Another important contributor to the CJK Project lives in San Diego, California. Karl Lo, who heads the International Relations and Pacific Studies Library at University of California San Diego, is also a consultant to the CJK Project. Karl was born in Zhongshan in southern China and educated in Hong Kong and the United States. An expert in the representation of the Chinese language on computers, he has been advising CP Tang and Murthy Manchella while they have developed a computer program that converts library data using the 'Wade-Giles' standard for Chinese to 'Pinyin', which is the standard used in China. The program will be used in building the National CJK Database, and has attracted international attention. During an intensive two months of program development in mid-1995, Karl sent CP at least 12 versions of software he had written, using the Internet's file transfer facility. If these 12 versions had been airmailed instead of sent through the Internet, the process would have taken months longer.

Karl has never met fellow Californian Lydia Motyka, who has also played a crucial role in the CJK Project. Lydia lives in San Francisco, and works for Innovative Interfaces, the Californian company which won the tender to supply the library software for the CJK System. Lydia's electronic correspondence with the CJK Project staff at the National Library has sometimes included several messages in a single day as she has guided them through the process of choosing software options and testing data loads. Lydia adds yet another cultural dimension to the CJK Project. Born in Rochester, New York, to Lithuanian immigrants, she spoke Lithuanian as her first language. Lydia learned English at primary school, while continuing to absorb Lithuanian language and culture through activities in the Lithuanian community and at Saturday school. Lydia also speaks German, having spent a year as an exchange student at the Mozart Gymnasium in Wurzburg, Germany.

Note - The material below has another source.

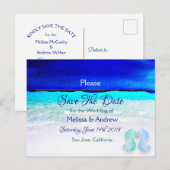 ブルービーチオーシャンウェディング・セーブ・ザ・デート 案内ポストカード (正面/裏面)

Does communication breakdown ever occur, with people from such different backgrounds communicating by electronic mail, in English? The only case of genuine misunderstanding occurred in late 1995, when the CJK Project team at the National Library received a surprising message from Chong Chiah Jen in Singapore. The message, as we read it at our end, said that Chiah Jen would deliver a particular enhancement which we had requested in 2096. In 2096? We were puzzled-was this a polite Singaporean way of telling us that what we had requested was impossible? Or a sarcastic put-down? Or did the Institute of Systems Science engage in long-term planning beyond the imagination of Australian planners? Politely, we sent a return email message querying the date. Chiah Jen's reply asked us to look more closely at the original message. He had in fact typed 2Q96, meaning a delivery date in the second quarter of 1996, which on our email display looked very like 2096. Chiah Jen was not at all offended by the misunderstanding; in fact he speculated cheerfully on how old he would be in 2096. In terms of job security, it would have been a record.

As manager of the CJK Project, I can lay claim only to a very ordinary Brisbane background, and no language skills apart from English and some French. It has been a wonderful experience working with people from all over the world with such rich cultural backgrounds, and I am very grateful to the Australian immigration policy which welcomed Yumiko, CP, Murthy and Tien to Australia-without them, there would have been no CJK Project. I am also grateful for the existence of the Internet, which has allowed this international team to work so efficiently to implement a project of international significance.

Linda Groom has been the Project Manager of the CJK Project at the National Library since 1993.